Antisemitic incidents in the U.S. rose 36% in 2022, an annual audit by the Anti-Defamation League shows.

The report, released Thursday, tracked 3,697 incidents of harassment, vandalism and assault targeting Jewish people and communities last year. It is the third time in five years that the tally has been the highest number ever recorded since the ADL first began collecting data in 1979.

«This escalation in antisemitic incidents comes just as ADL has reported on Americans’ highest level of antisemitic attitudes in decades,» the report says, adding that public officials, famous artists and social media stars have been instrumental in normalizing longstanding antisemitic tropes.

The ADL report comes on the heels of an FBI report earlier this month, stating that hate crimes reported across the country increased nearly 12% in 2021 from 2020.

5 states account for more than half of the incidents
According to the latest ADL analysis, surges in each of the major audit categories occurred in all 50 states and Washington, D.C.

Antisemitic harassment increased 29%, from 1,776 to 2,298
Antisemitic vandalism increased 51%, from 853 to 1,288
Antisemitic assaults increased 26%, from 88 to 111.

New York is the state with the highest number of reported incidents: 580. California follows with 518, New Jersey with 408, Florida with 269 and Texas with 211. «Combined, these five states account for 54 % of the total incidents.

Schools and synagogues are growing targets
Another alarming finding is the number of bomb threats towards Jewish institutions, including schools and synagogues, spiking from eight to 91. It is the highest number of bomb threats since 2017.

Young children and educators in K-12 schools were victims of threats or assaults in 494 incidents.
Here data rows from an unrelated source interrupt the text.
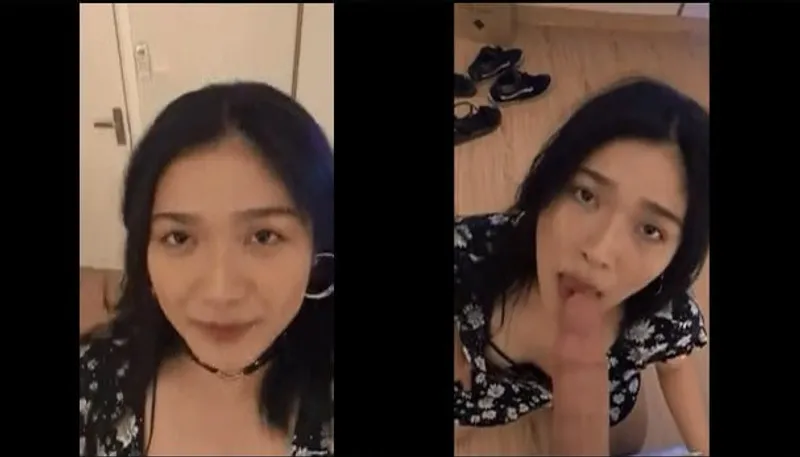 Con ghệ ngoại thương thích buồi tây - asianbabyggirl 4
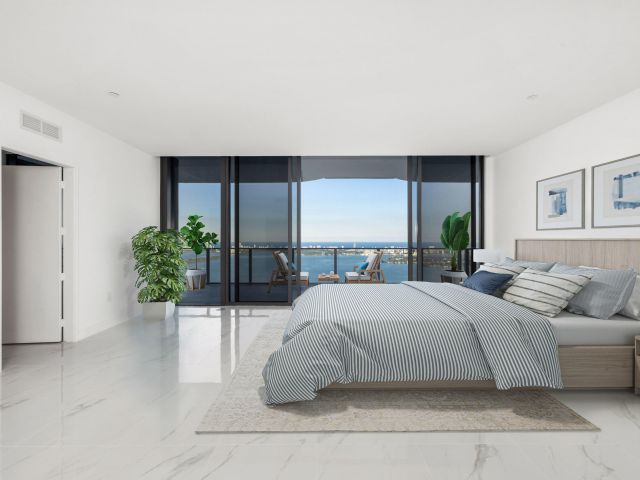 Продажа квартиры #Penthouse Mansion-6003 - фото 6839619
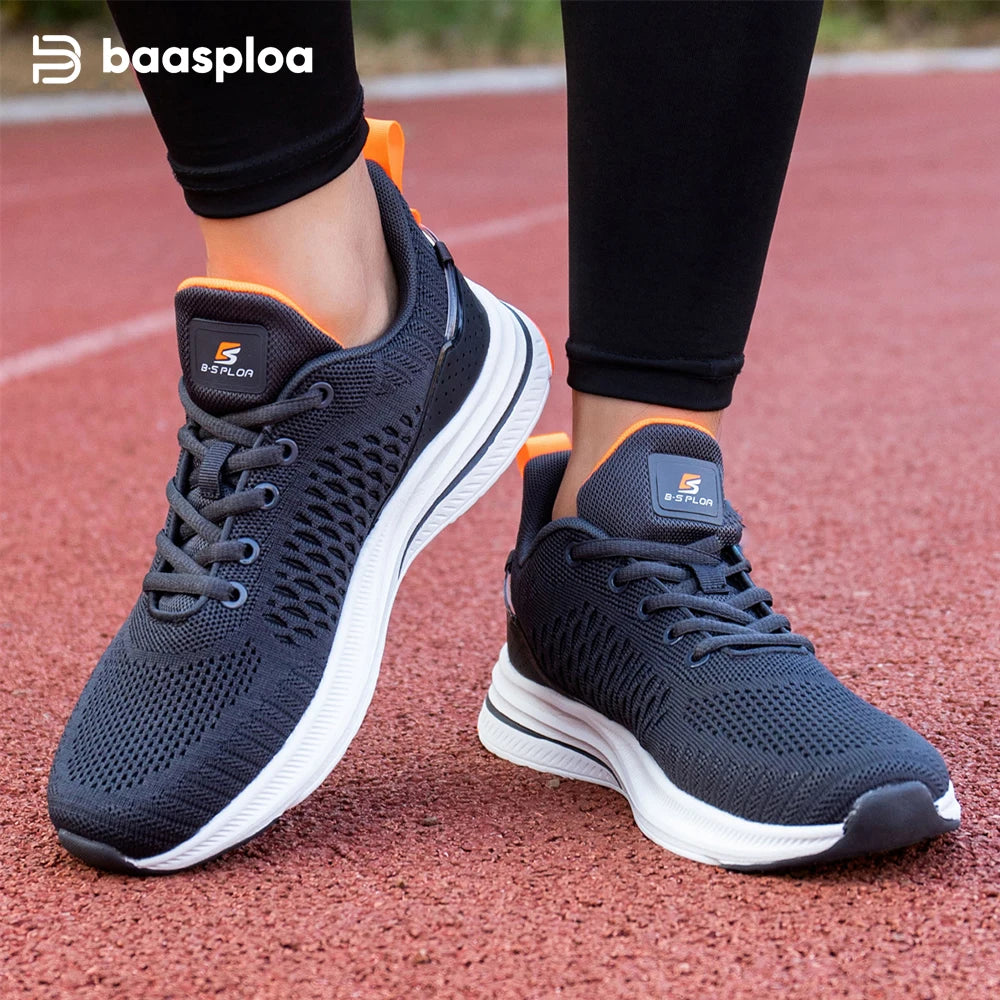 Baasploa AirStride Pro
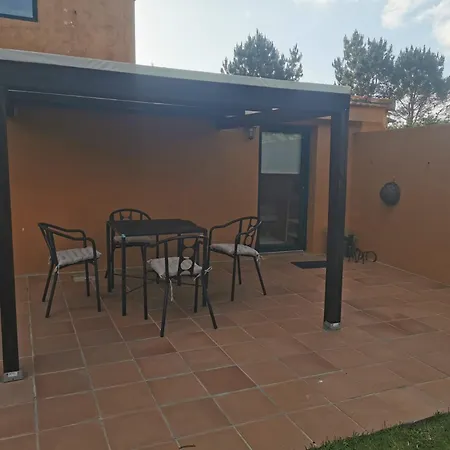 T1 Na Casa Da Quinta S Jose Praia de Mira
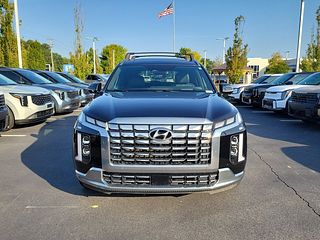 Thumbnail - 2023 Hyundai Palisade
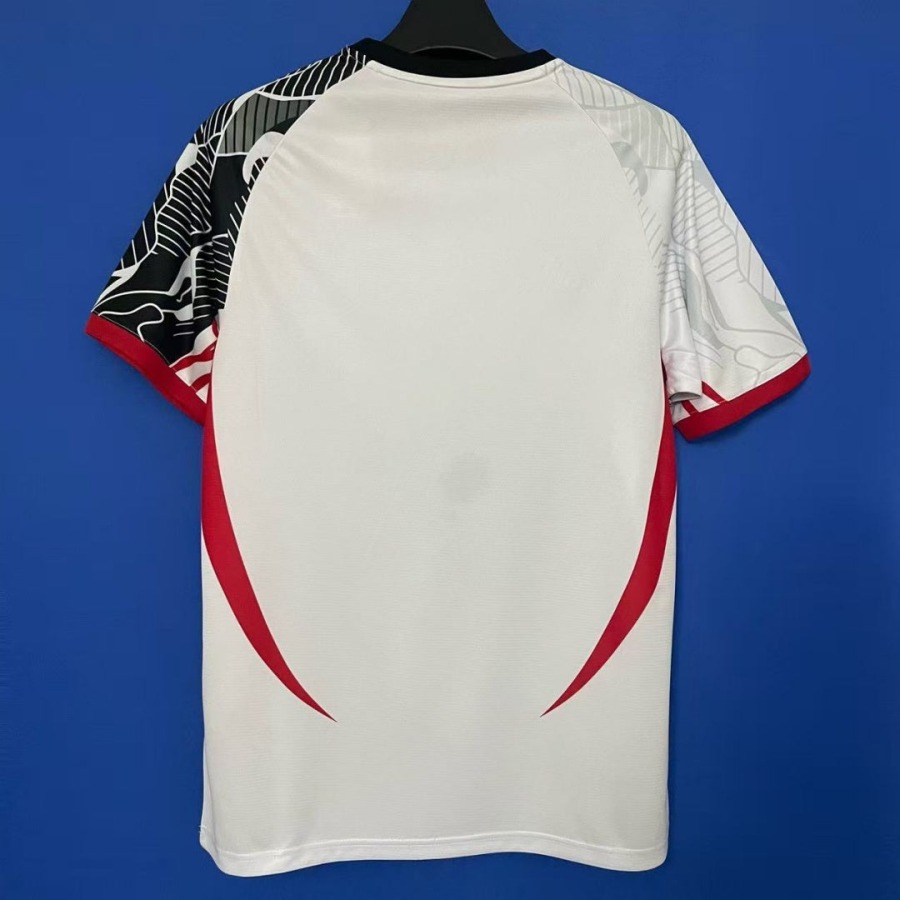 Japan Trikot 25/26 Sonderausgabe White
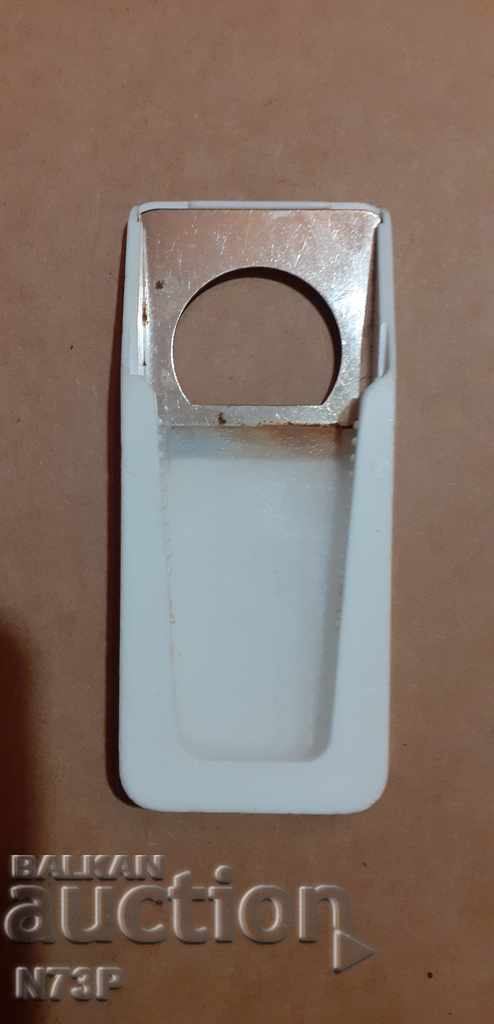 OPENER. COLLECTION. ADVERTISING. with price 3.00 BGN | € 1.53 OPENER. COLLECTION. ADVERTISING. with price 3.00 BGN | € 1.53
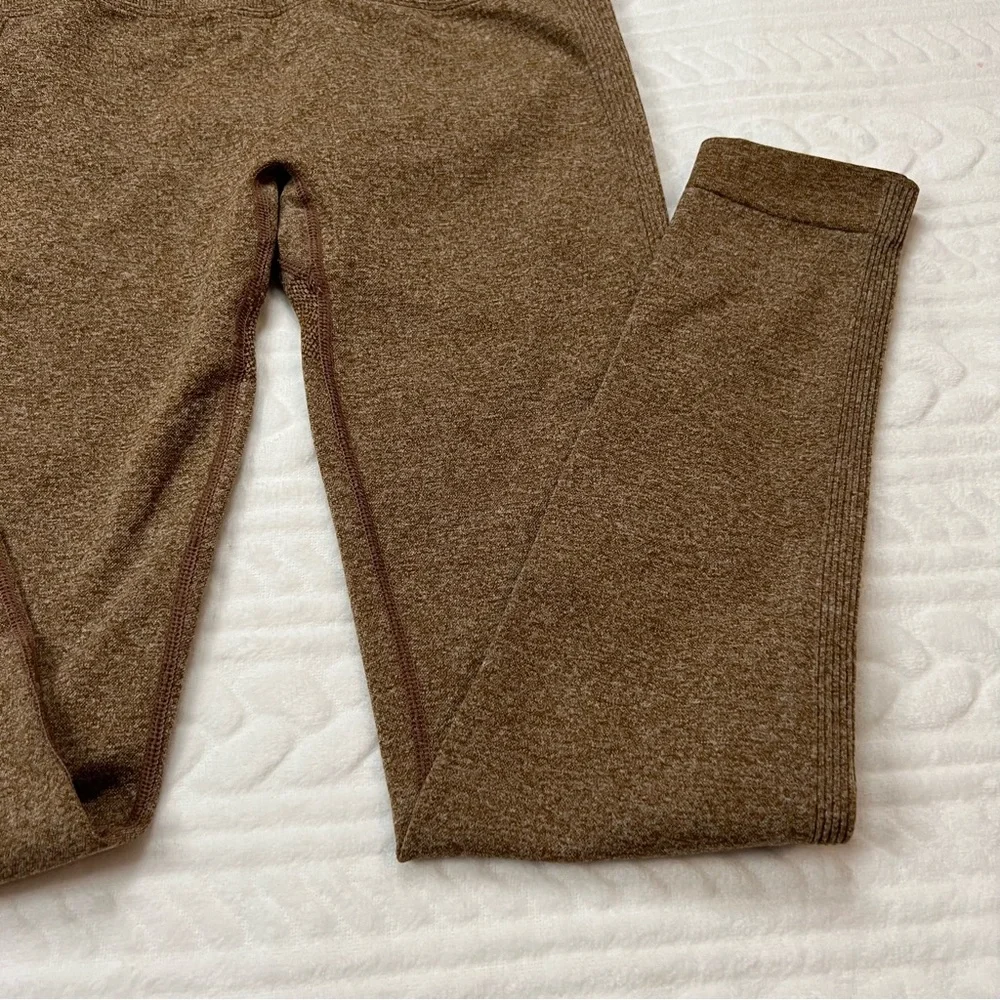 💗‎ Shein - Womans High Waisted Seamless Leggings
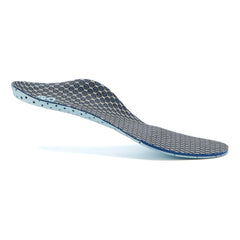 3D3 Orthotics Max Performance Orthotic 2 Mens Neutral - Grey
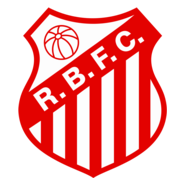 Rio Branco Football Club – Rio Branco (AC) Logo PNG Vector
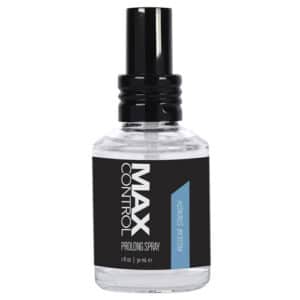 Spray Prolongador Regulable Max Control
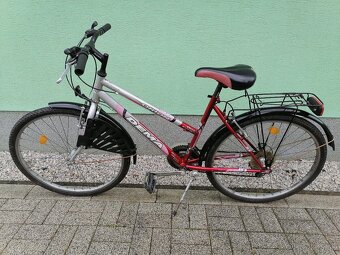 Bicykel Dema - 4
Meanwhile, 219 incidents were reported on college campuses.

People who presented as Orthodox Jews were targeted in 59 of the assault incidents nationally.

The Goyim Defense League is behind more than half of all propaganda incidents
The ADL also found activity doubled among organized white supremacist groups, which were linked to 852 incidents of distributing antisemitic propaganda.

While the study cites a number of factors contributing to the surge, the organization concluded the massive uptick in the spread of anti-Jewish propaganda was «largely due to the growth of the Goyim Defense League,» known as the GDL.

The GDL network, which has significant crossover with other white supremacist groups and movements, was responsible for at least 492 propaganda incidents in 2022, a dramatic increase from the 74 recorded in 2021.